This commit introduces a new API, sched_migrate_task(), which enables migration of a task between ready queues of different priority levels. The function safely removes the task from its current ready queue and enqueues it into the target queue, updating the corresponding RR cursor and ready bitmap to maintain scheduler consistency. This helper will be used in mo_task_priority() and other task management routines that adjust task priority dynamically. Future improvement: The current enqueue path allocates a new list node for each task insertion based on its TCB pointer. In the future, this can be optimized by directly transferring or reusing the existing list node between ready queues, eliminating the need for an additional malloc() and free() operations during priority migrations.
This change refactors the priority update process in mo_task_priority() to include early-return checks and proper task migration handling. - Early-return conditions: * Prevent modification of the idle task. * Disallow assigning TASK_PRIO_IDLE to non-idle tasks. The idle task is created by idle_task_init() during system startup and must retain its fixed priority. - Task migration: If the priority-changed task resides in a ready queue (TASK_READY or TASK_RUNNING), sched_migrate_task() is called to move it to the queue corresponding to the new priority. - Running task behavior: When the current running task changes its own priority, it yields the CPU so the scheduler can dispatch the next highest-priority task.
This commit introduces the system idle task and its initialization API (idle_task_init()).
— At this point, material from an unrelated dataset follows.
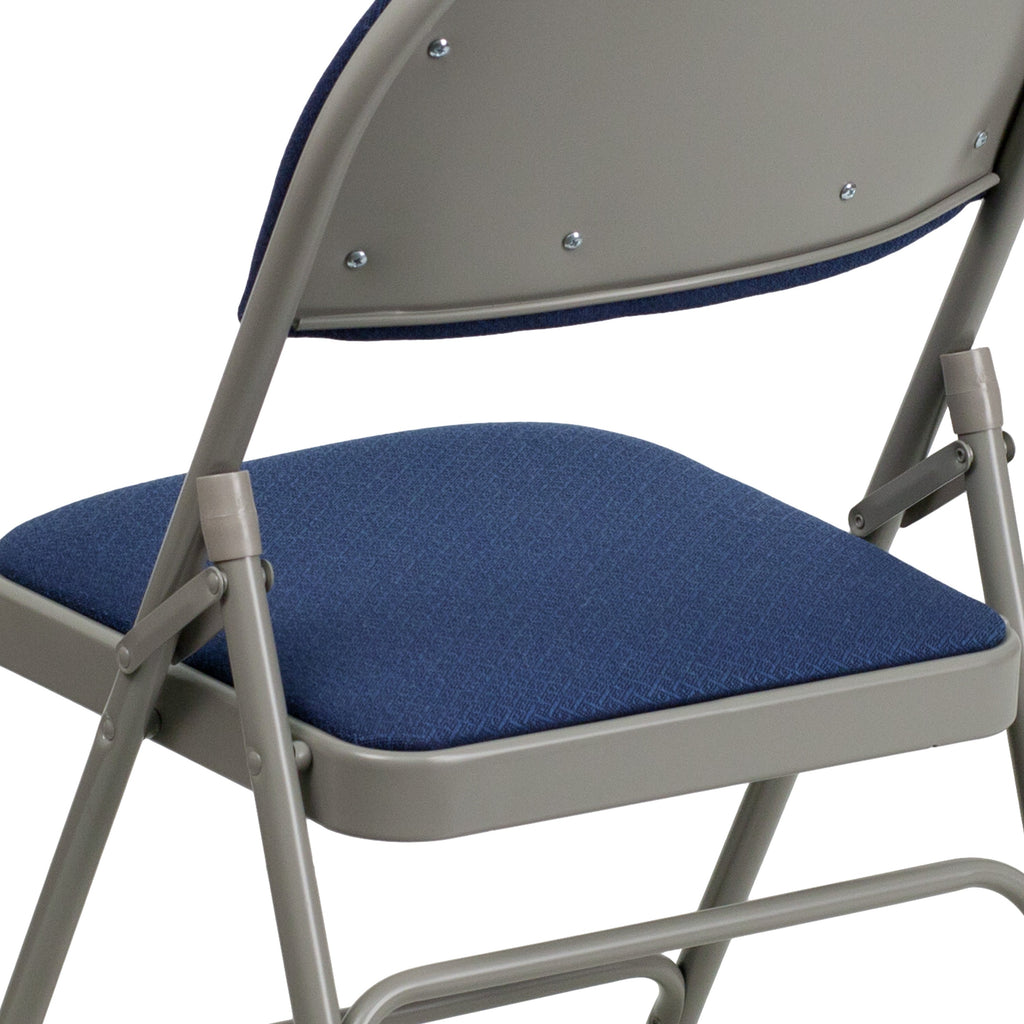 Series Extra Large Ultra-Premium Triple Braced Metal Folding Chair with Easy-Carry Handle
The idle task serves as the default execution context when no other runnable tasks exist in the system. The sched_idle() function supports both preemptive and cooperative modes. In sched_t, a list node named task_idle is added to record the idle task sentinel. The idle task never enters any ready queue and its priority level cannot be changed. When idle_task_init() is called, the idle task is initialized as the first execution context. This eliminates the need for additional APIs in main() to set up the initial high-priority task during system launch. This design allows task priorities to be adjusted safely during app_main(), while keeping the scheduler’s entry point consistent.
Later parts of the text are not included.